Update the bead amplitude based on the acceptance rate.

Parameters:

  • increase (bool) – True or false indicator for whether to increase bead amplitude

  • num_delta_bead (Optional[int]) – Number of beads by which to increase bead amplitude (default = 1)

Returns:

prop_bead_amp – Proposed bead amplitude after adjustment

Return type:

int

update_move_amplitude(setpoint_acceptance: Optional[float] = 0.5, move_adjust_factor: Optional[float] = 0.95, num_delta_beads: Optional[int] = 1)[source]

Update move amplitude based on acceptance rate.

Parameters:

  • setpoint_acceptance (Optional[float]) – Optional acceptance rate setpoint (default = 0.5)

  • move_adjust_factor (Optional[float]) – Factor by which to multiply or divide move amplitude in response to current acceptance rate, between 0 and 1 (default = 0.95)

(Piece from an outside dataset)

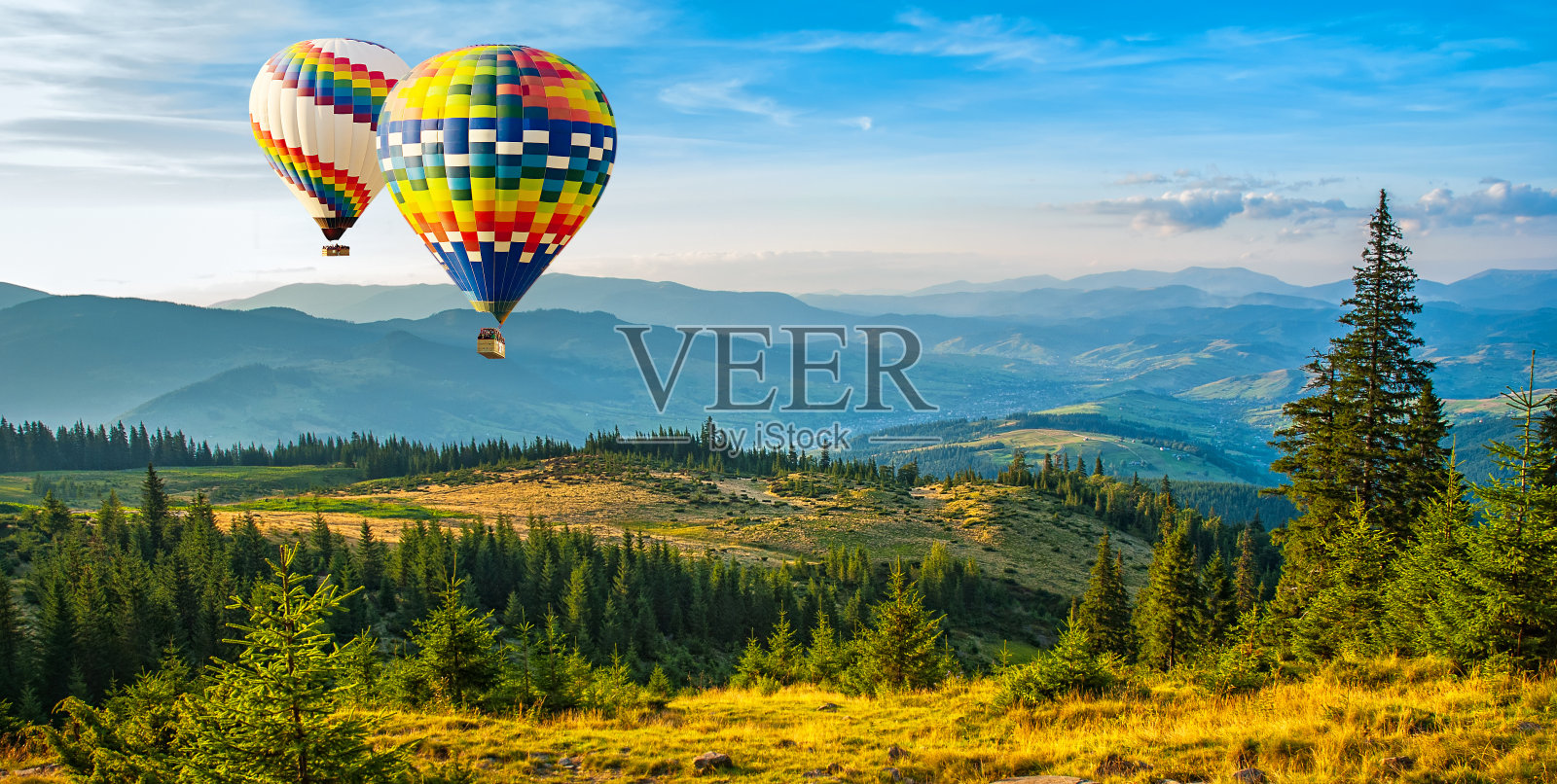 彩色的热气球飞过群山。艺术照片。美丽的世界。照片摄影图片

  • num_delta_beads (Optional[int]) – Number of beads by which to adjust bead amplitude (default = 1)

chromo.mc.mc_controller.all_moves(log_dir: str, bead_amp_bounds: ~typing.Dict[str, ~typing.Tuple[float, float]], move_amp_bounds: ~typing.Dict[str, ~typing.Tuple[float, float]], controller: ~typing.Optional[~chromo.mc.mc_controller.Controller] = <class 'chromo.mc.mc_controller.NoControl'>) List[Controller][source]

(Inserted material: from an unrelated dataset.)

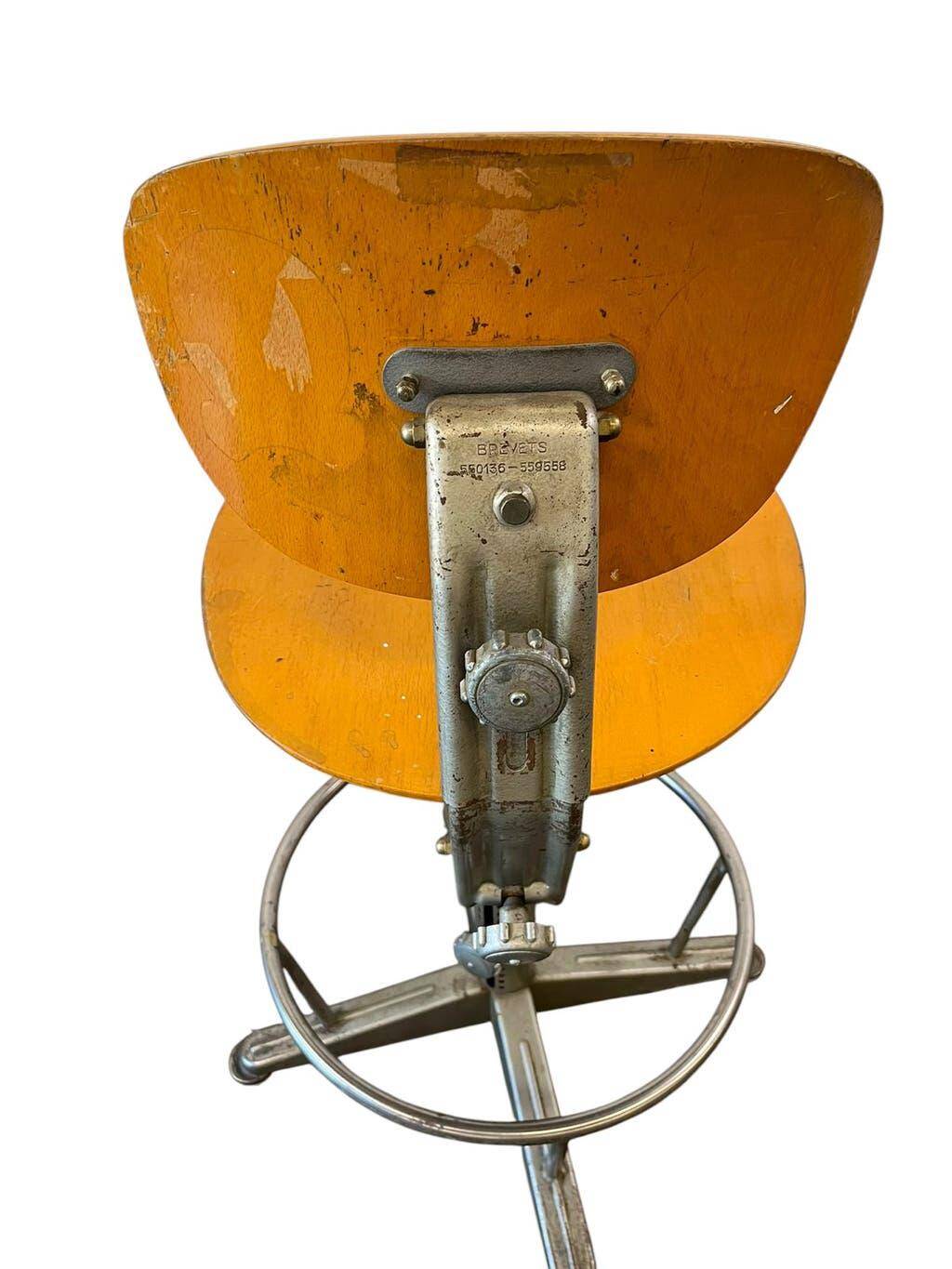 Vintage workshop/office/industrial factory chair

Generate a list of controllers for all adaptable MC moves (single poly).

Parameters:

  • log_dir (str) – Path to the directory in which to save log files

  • bead_amp_bounds (Dict[str, Tuple[float, float]]) – Dictionary of bead selection amplitude bounds where keys specify the name of the MC move and the values specify the selection amplitude bounds for the move in the form (lower bound, upper bound)

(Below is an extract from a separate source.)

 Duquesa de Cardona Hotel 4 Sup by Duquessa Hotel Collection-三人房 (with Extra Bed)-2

  • move_amp_bounds (Dict[str, Tuple[float, float]]) – Dictionary of maximum move amplitude bounds where keys specify the name of the MC move and the values specify the move amplitude bounds for the move in the form (lower bound, upper bound)

  • controller (Optional[Controller]) – Bead and move amplitude controller (default = NoControl)

Return type:

List of controllers for all adaptable MC moves.

chromo.mc.mc_controller.all_moves_except_binding_state(log_dir: str, bead_amp_bounds: ~typing.Dict[str, ~typing.Tuple[float, float]], move_amp_bounds: ~typing.Dict[str, ~typing.Tuple[float, float]], controller: ~typing.Optional[~chromo.mc.mc_controller.Controller] = <class 'chromo.mc.mc_controller.NoControl'>) List[Controller][source]

Generate list of controllers for physical MC moves (single poly).

Parameters:

  • log_dir (str) – Path to the directory in which to save log files

  • bead_amp_bounds (Dict[str, Tuple[float, float]]) – Dictionary of bead selection amplitude bounds where keys specify the name of the MC move and the values specify the selection amplitude bounds for the move in the form (lower bound, upper bound)

  • move_amp_bounds (Dict[str, Tuple[float, float]]) – Dictionary of maximum move amplitude bounds where keys specify the name of the MC move and the values specify the move amplitude bounds for the move in the form (lower bound, upper bound)

  • controller (Optional[Controller]) – Bead and move amplitude controller (default = NoControl)

Return type:

List of controllers for all adaptable MC moves.

chromo.mc.mc_controller.only_binding_move(log_dir: str, bead_amp_bounds: ~typing.Dict[str, ~typing.Tuple[float, float]], move_amp_bounds: ~typing.Dict[str, ~typing.Tuple[float, float]], controller: ~typing.Optional[~chromo.mc.mc_controller.Controller] = <class 'chromo.mc.mc_controller.NoControl'>) List[Controller][source]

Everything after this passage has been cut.